The Patent Trial and Appeal Board of the United States Patent and Trademark Office (USPTO) today denied five petitions for so-called inter partes review filed by Apple, which sought to challenged the validity of certain claims of three of VirnetX’s U.S. patents at stake.
The patent board has determined that the five petitions were not filed within the time limit imposed by the statute and therefore has declined to institute review of these claims between the parties involved.
Furthermore, the USPTO Board has tossed out of the window Apple’s request to join the inter partes reviews previously filed by Microsoft, as those had already been terminated.

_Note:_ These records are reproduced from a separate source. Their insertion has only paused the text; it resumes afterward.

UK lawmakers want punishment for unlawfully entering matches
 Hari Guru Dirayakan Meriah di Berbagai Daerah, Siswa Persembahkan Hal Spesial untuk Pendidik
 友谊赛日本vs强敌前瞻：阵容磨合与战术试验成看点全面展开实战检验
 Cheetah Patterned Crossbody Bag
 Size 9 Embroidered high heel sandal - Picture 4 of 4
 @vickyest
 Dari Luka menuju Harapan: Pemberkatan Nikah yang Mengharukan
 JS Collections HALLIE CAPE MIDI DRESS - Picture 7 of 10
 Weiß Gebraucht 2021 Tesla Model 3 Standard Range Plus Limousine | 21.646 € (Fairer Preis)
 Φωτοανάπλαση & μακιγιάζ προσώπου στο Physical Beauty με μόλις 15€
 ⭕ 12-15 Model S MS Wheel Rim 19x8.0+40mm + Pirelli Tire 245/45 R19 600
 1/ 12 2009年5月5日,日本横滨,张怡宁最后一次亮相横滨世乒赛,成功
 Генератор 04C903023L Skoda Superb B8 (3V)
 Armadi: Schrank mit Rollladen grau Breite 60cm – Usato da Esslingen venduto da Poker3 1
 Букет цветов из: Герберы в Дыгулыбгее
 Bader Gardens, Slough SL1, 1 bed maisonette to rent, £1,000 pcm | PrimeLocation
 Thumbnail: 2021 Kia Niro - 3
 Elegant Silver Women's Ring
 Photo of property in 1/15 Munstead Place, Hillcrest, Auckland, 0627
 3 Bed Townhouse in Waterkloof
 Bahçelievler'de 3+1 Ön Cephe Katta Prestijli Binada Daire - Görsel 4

Specifically, Apple sought review of certain claims of the U.S. Patent Nos. 7,921,211 (‘211 patent), 7,418,504 (‘504 patent) and 7,491,151 (‘151 patent) owned by VirnetX, a patent holding firm which owns an impressive portfolio of patents related to wireless networking and LTE technology.
VirnetX CEO Kendall Larsen said today’s decisions means that the USPTO has either “declined to institute review or terminated 37 IPR proceedings that were filed by New Bay, Apple, RPX, and Microsoft.”
Last September, the U.S. Court of Appeals for the Federal Circuit tossed out a verdict handed down by a Texas jury in late 2012 that would’ve slapped Apple with $368 million in damages on the basis that the FaceTime feature infringes on VirnetX’s intellectual property, namely the ‘211, ‘504 and ‘181 patents.
However, appeals court did affirm the validity of the claims-at-issue of these three patents in its September 2014 ruling and sent the case back to trial for further proceeds.